→ What to work on: Apart from the pictures, return every line of the listing exactly.

------------------------------------------------

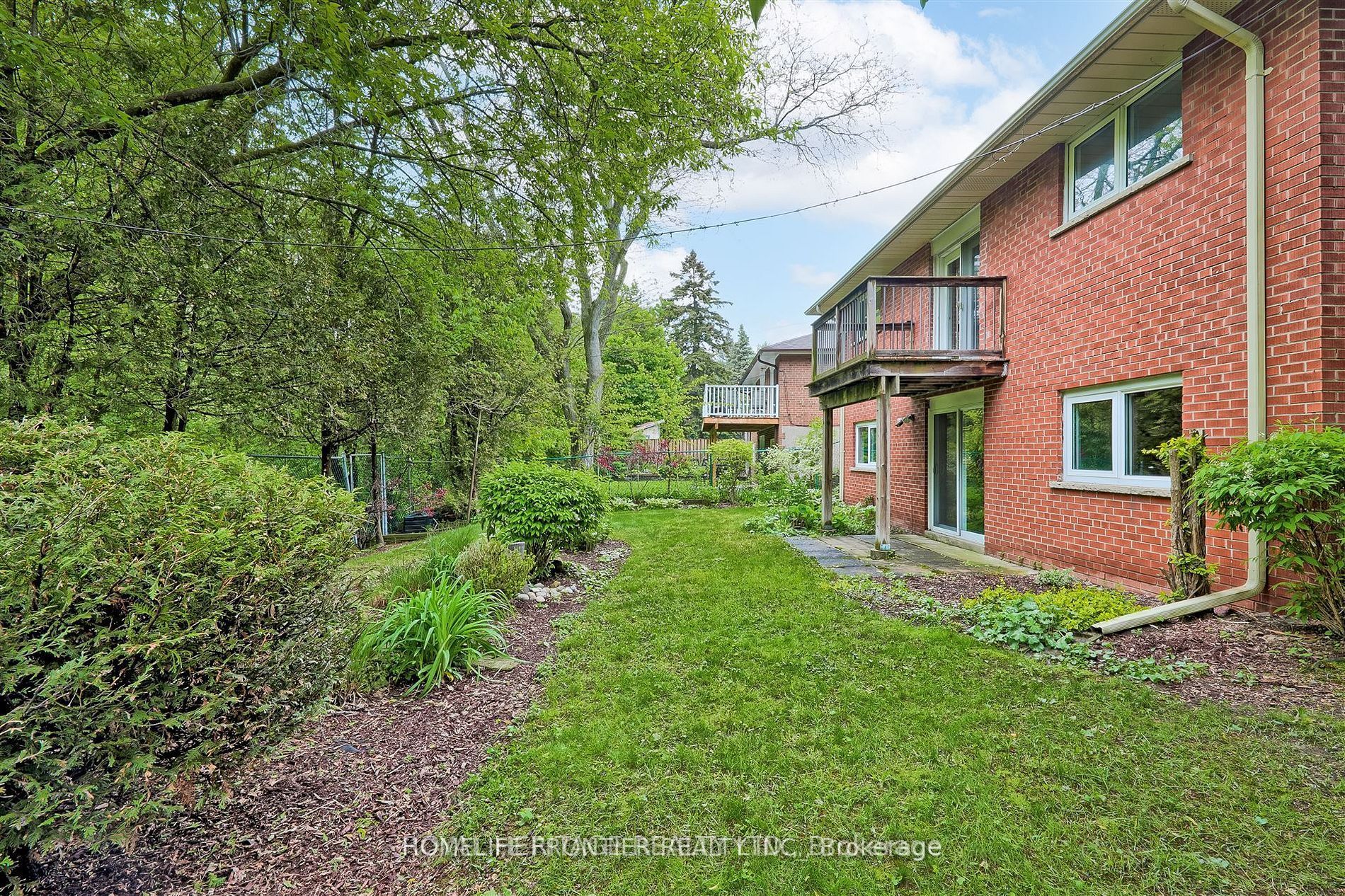 11 Alpaca Drive B, Toronto, ON M1J 2Z8 photo 3
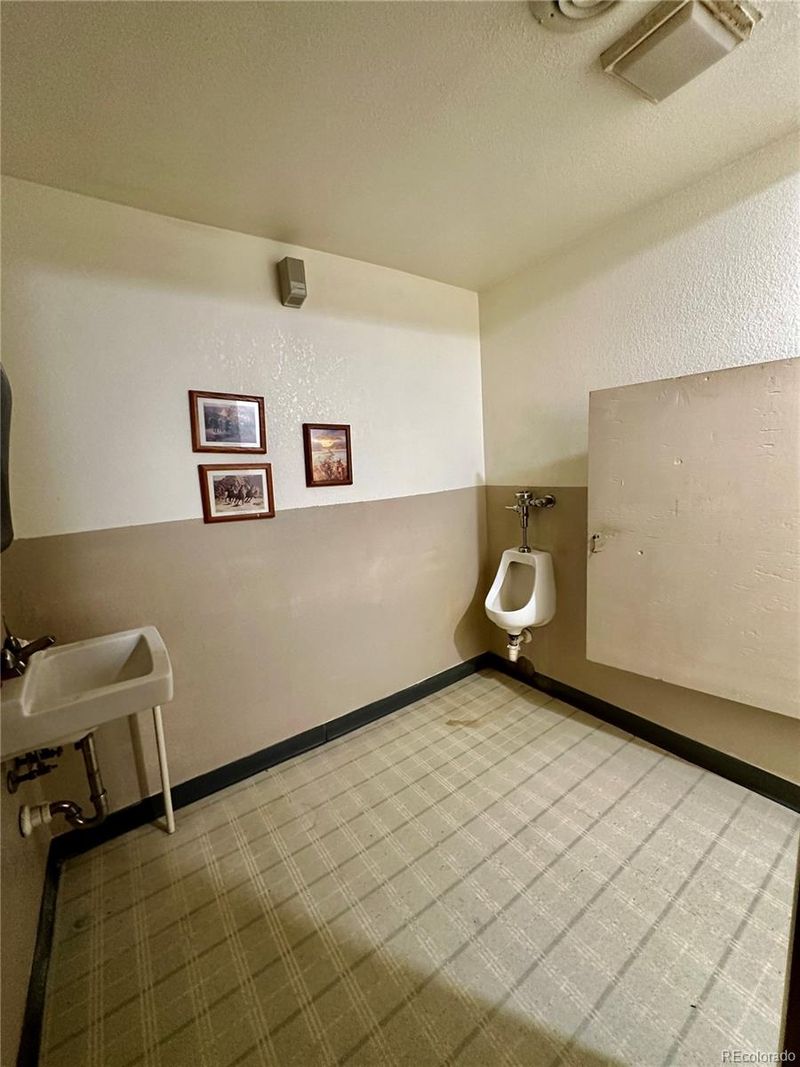 1050 Grand Ave, Del Norte, CO 81132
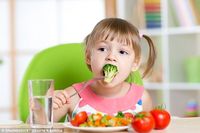5 Cara Mengatasi Anak Susah Makan Sayur Berkuah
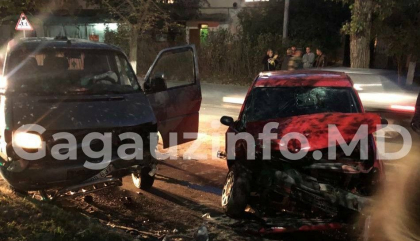 Mai multe persoane au avut nevoie de ingrijiri medicale, dupa ce doua automobile s-au lovit violent, la Vulcanesti - FOTO Mai multe persoane au avut nevoie de ingrijiri medicale, dupa ce doua automobile s-au lovit violent, la Vulcanesti - FOTO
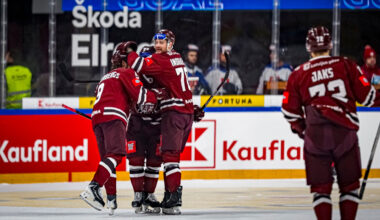 Dzierkala un Jaka 100. mačā hokeja izlase azartiskā pārbaudes spēlē zaudē Slovākijai / Raksts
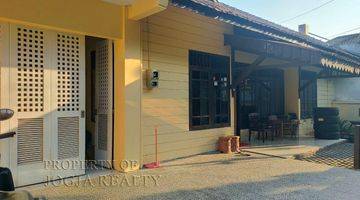 tampak depan rumah dijual jogja mewah 2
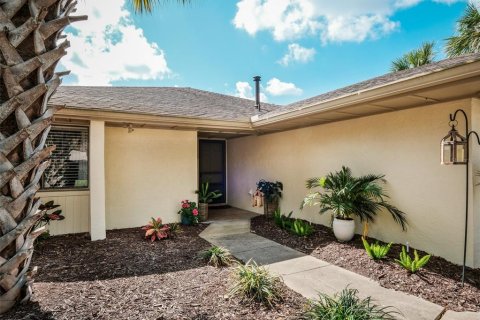House in New Smyrna Beach, Florida 2 bedrooms, 119.75 sq.m. № 1586521 - photo 7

------------------------------------------------

→ Task answer:
 11 Alpaca Drive B, Toronto, ON M1J 2Z8 photo 3
 1050 Grand Ave, Del Norte, CO 81132
5 Cara Mengatasi Anak Susah Makan Sayur Berkuah
 Mai multe persoane au avut nevoie de ingrijiri medicale, dupa ce doua automobile s-au lovit violent, la Vulcanesti - FOTO Mai multe persoane au avut nevoie de ingrijiri medicale, dupa ce doua automobile s-au lovit violent, la Vulcanesti - FOTO
 Dzierkala un Jaka 100. mačā hokeja izlase azartiskā pārbaudes spēlē zaudē Slovākijai / Raksts
 tampak depan rumah dijual jogja mewah 2
House in New Smyrna Beach, Florida 2 bedrooms, 119.75 sq.m. № 1586521 - photo 7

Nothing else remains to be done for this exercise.